Hi @Denis_Haskin Welcome to the commuity.
Great questions... a bit of your terminology is a tiny off but your are basically on
When a JSON Document is ingested into Elasticsearch it is Indexed (verb) into an Index (noun)
At index time (the verb) a number of things can / do happen.
In short the original document is stored in the _source
field and the fields that you index to make available for search, aggregations etc are processed and stored into various data structures. fields, doc values etc..etc. to add a little extra confusion you can also not index a field (they are by default but you can turn this off) which makes that field unavailable to be searched or aggregated on but can be returned in the results as an available field.
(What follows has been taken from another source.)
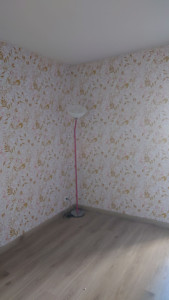 Photo de galerie - Pose tapisserie dans une chambre.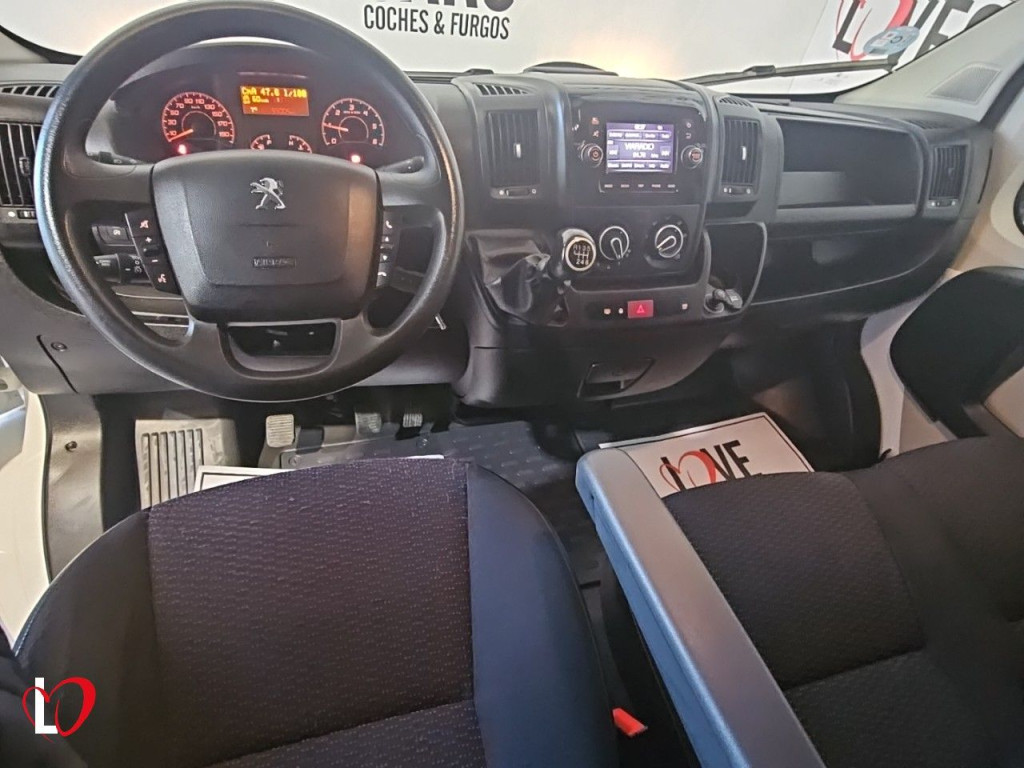 PEUGEOT BOXER BlueHDI S&S FURGÓN CERRADO 33 L2 H2 140 de segunda mano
When you search in Elasticsearch it searches agains the indexed fields not the raw _source
field which is stored but not indexed but then is available in the result.
Clear as mud right?
All that together is contained in the index (noun) and contributes to the overall index size.
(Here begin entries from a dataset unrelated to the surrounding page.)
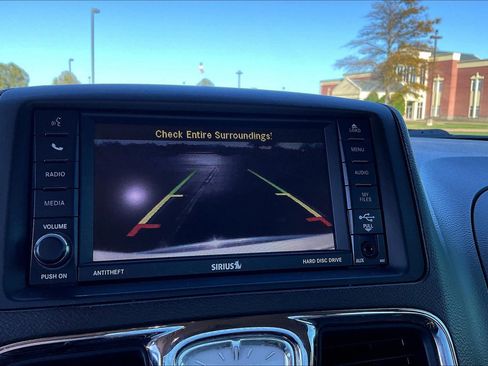 Used 2012 Chrysler Town & Country Touring w/ Entertainment Group #1 image 28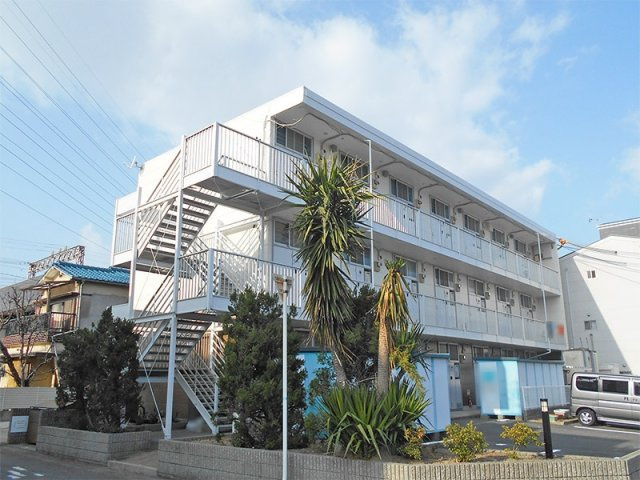 レオパレス中百舌鳥の外観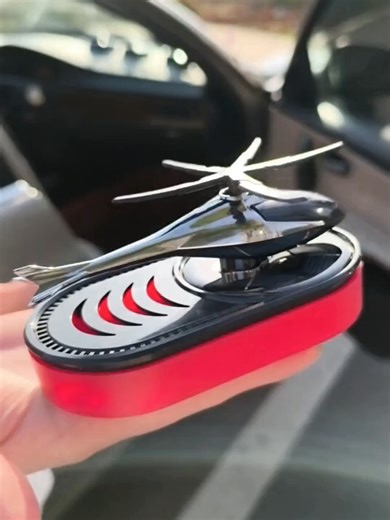 Helicóptero Solar: Aromatizador Automático para Carro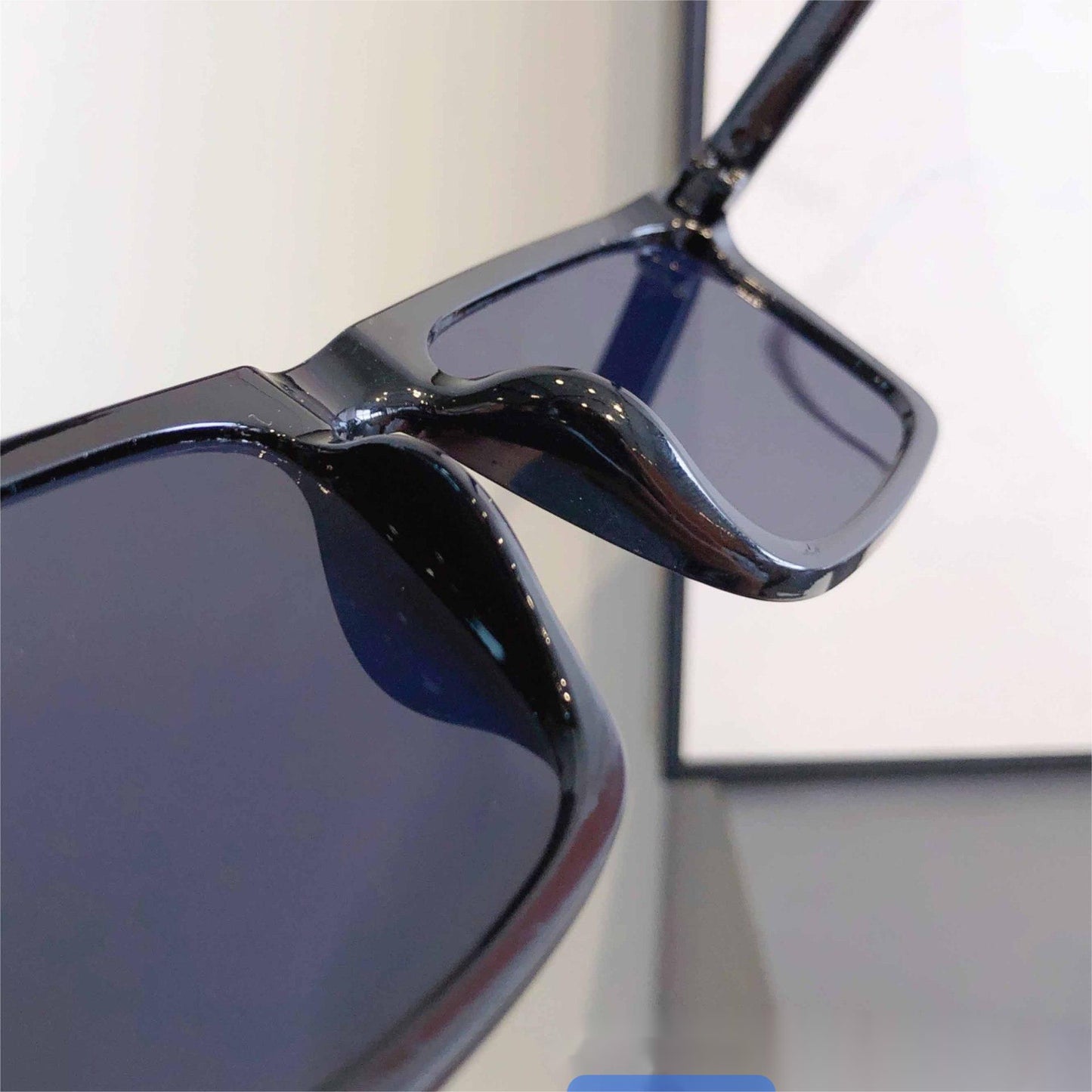 Men's And Women's UV Protection Street Style Sunglasses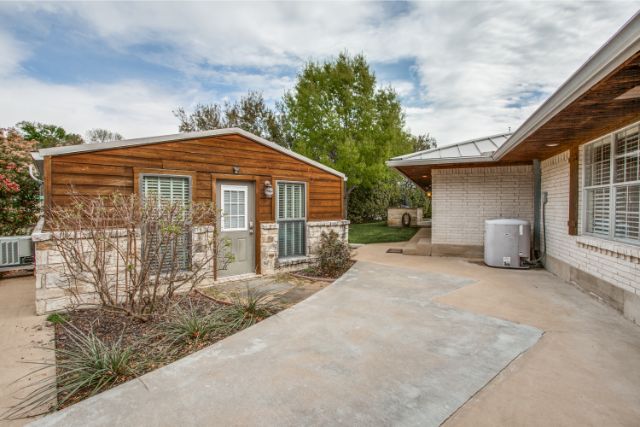 1012-beverly-circle-kemp-tx-High-Res-1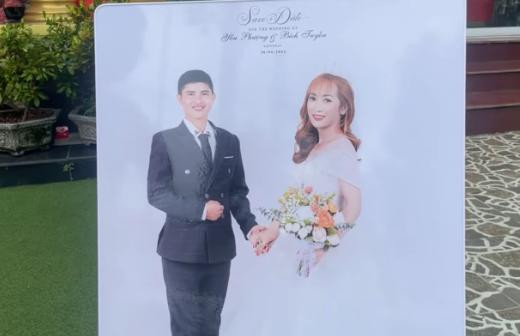 Đám cưới độc lạ nhất Việt Nam: Chú rể mang bầu 3 tháng - Hình 7 Dam cuoi doc la nhat Viet Nam: Chu re mang bau 3 thang-Hinh-7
Sometime there is a sense to try to think like an RDBMS where the index refers to the specfic structure that allows searching..
You can do a number of things to drop fields in the _source
, or drop all the _source
(careful) you can look here for other disk tuning suggestions.... there are alway tradeoffs
You can run
POST /my-index-000001/_disk_usage?run_expensive_tasks=true
To get great detail about the storage consumed by your index.
Look for the _source
fields to determine the size...
....
},
"_source" : {
"total" : "2.9gb",
"total_in_bytes" : 3174061182,
"inverted_index" : {
"total" : "0b",
"total_in_bytes" : 0
},
"stored_fields" : "2.9gb",
"stored_fields_in_bytes" : 3174061182,
"doc_values" : "0b",
"doc_values_in_bytes" : 0,
"points" : "0b",
"points_in_bytes" : 0,
"norms" : "0b",
"norms_in_bytes" : 0,
"term_vectors" : "0b",
"term_vectors_in_bytes" : 0
},
...
If you want to know the avg bytes per stored document on disk run
# Get the index stats
GET _cat/indices/filebeat-7.15.2-2022.06.02-000185/?v&s=pri.store.size:desc&bytes=b
# Results
health status index uuid pri rep docs.count docs.deleted store.size pri.store.size
green open filebeat-7.15.2-2022.06.02-000185 0UJn0UA7Qcutg-rc8UPhlQ 1 1 5254848 0 4986229319 2516232571
For Primary
Avg Bytes / Doc = pri.store.size / docs.count = 2516232571 / 5254848 = ~479 bytes / doc
After you are done writing to index you can forcemerge with an ILM policy it to optimize it a bit more.
Hope this helps...